I wonder if I should have used command line and “rose suite-run --new” or is that the default when clicking the UI run button?

many thanks,
Mark

I did some grepping and looked at PE 15, which is an IO server.
/work/n02/n02/mricha/cylc-run/u-ct529/work/20151129T0000Z/TM_4km_RA3_p3_um_fcst_000/pe_output/umnsa.fort6.pe015
is the output.

Perhaps it’s closing the file then trying to read it again? I don’t really know about the IO servers in the UM, but perhaps something associated with the file:
/work/n02/n02/mricha/cylc-run/u-ct529/share/cycle/20151129T0000Z/TM/4km/RA3_p3/um//umnsaa_pverd000
is to blame?

Mark

I think the stash setup is not right – you have output to Usage profile 60_DIAGS that goes to file_id pp0 (looks OK) but also output to usage profile model_variables that is associated with file_id model_variables, which does not exist (same for other usage profiles) - I’d fix those & try again.

Grenville

Hi Grenville,

I will have to ask the original owner to help with that. Is this a risk for the non-IOS version? Is it a fundamental error that will bite them later?

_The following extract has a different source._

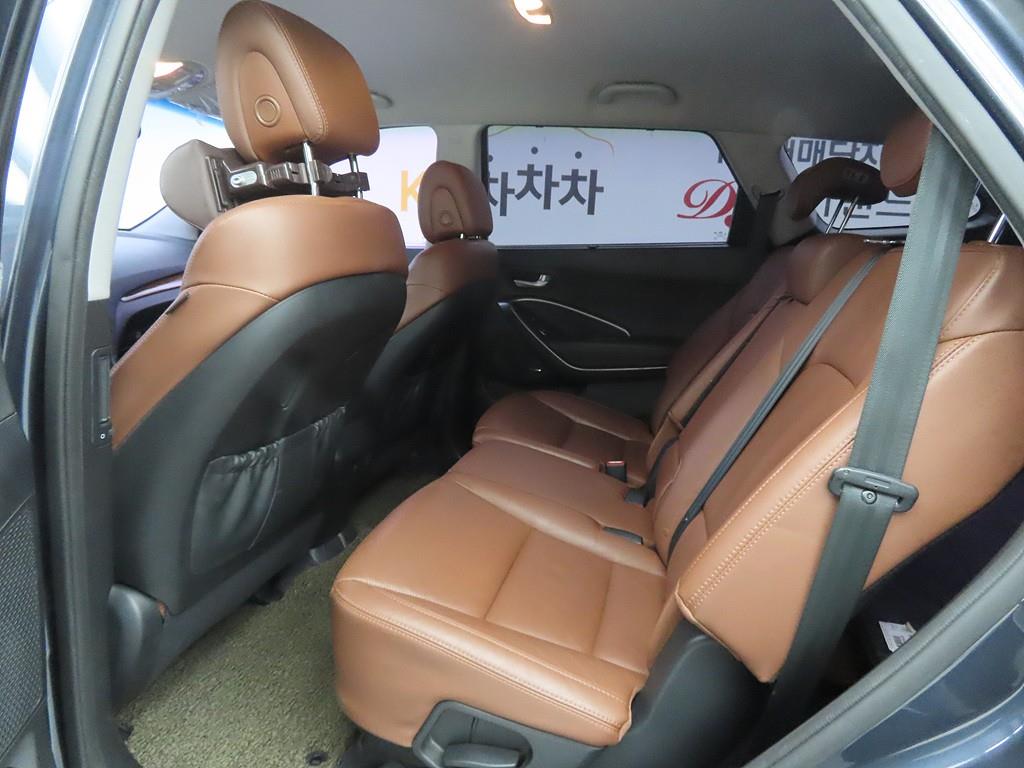 HYUNDAI Maxcruz - Vista 6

Might they be hijacking other stash codes to get the full amount of info from their simulations?

I’ll have to refresh on working with STASH profiles. This a side effect of inheriting someone else’s rose suite.

Mark

image001.jpg

Actually, I am having second thoughts – does this exact configuration without IO servers run OK?

Grenville

Hello Grenville,

The original suite owner informs me those are for netCDF output. See attached PNG.

Um-> namelist → model input and output → netcdf output streams → model_variables.

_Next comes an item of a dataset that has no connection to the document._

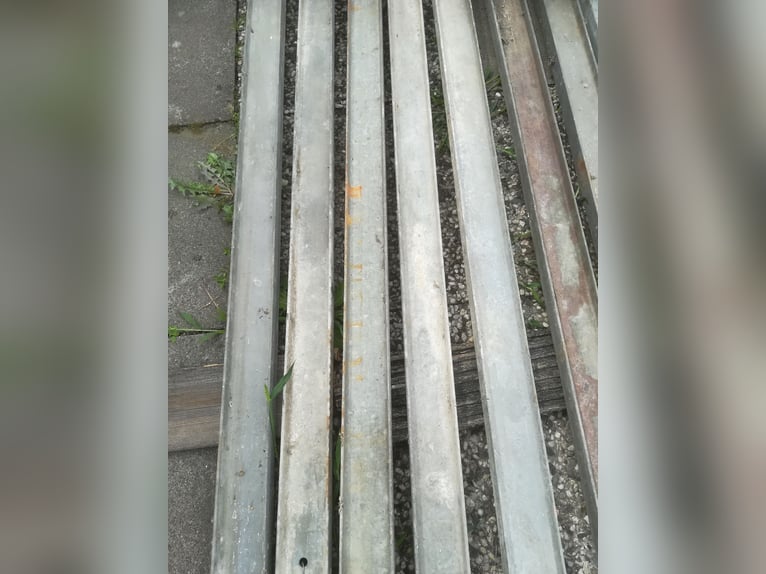 8 Doppel-T-Träger (Umbau/Neubau)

So it looks like the STASH usage profile ought to point to that ncdf file. Similar for 3 other streams.

Are the usage profiles not indicating ncdf files?

Mark

image001.jpg

hi grenville,
yes the suite ran and put out decent drook logs too without IOS.
it was when I turn on IOS that the failure occurs.
I set IOS diags to maximum “5”. so those log files have a lot in them but it is all a bit cryptic and I wonder what other flags I can set to give more info.

am i hitting some sort of limit in the IOS. (or did the job just run out of walltime - where can I check that??)

Mark

arghh - my mistake, back to the drawing board.

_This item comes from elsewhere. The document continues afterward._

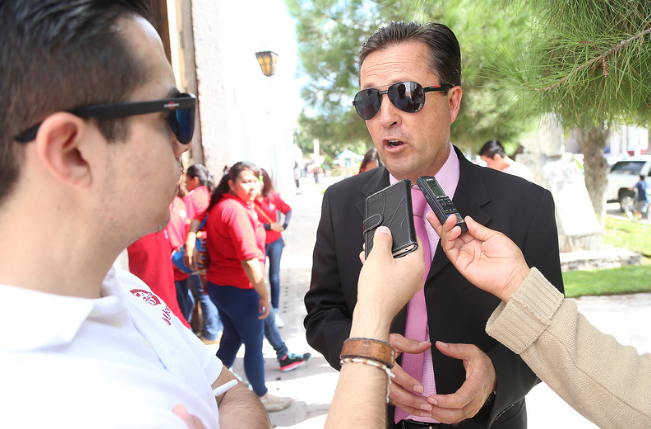 400 mdp se destinan a la entrega de becas de manutención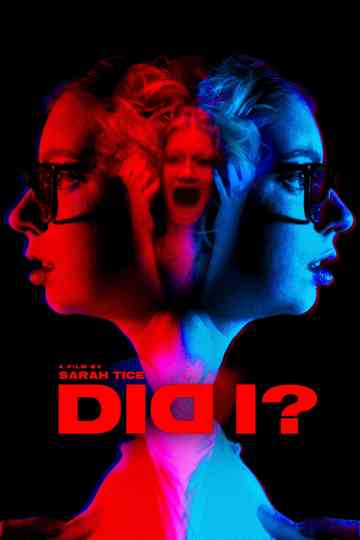 DID I? Poster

a bit more investigation. I set the IO server to use only one server so this case needs 121 MPI x2 OMP i.e. 242 cores. the Jinja2 in suite-adds tries to spread out the job (I need to learn jinja now too). I tweaked it to cope with under populated nodes. so ideally I would like 60 atmos tasks per node and use remaining cores for IOS.
in this case it decide to use 3 Nodes with 40 atmos MPI per node and IOS on one of the n odes - it seems to have selected MPI 063 for hte IOS.

it fails. now the error message ids the same that portio is trying to use “unit 11” but it seems to have been closed …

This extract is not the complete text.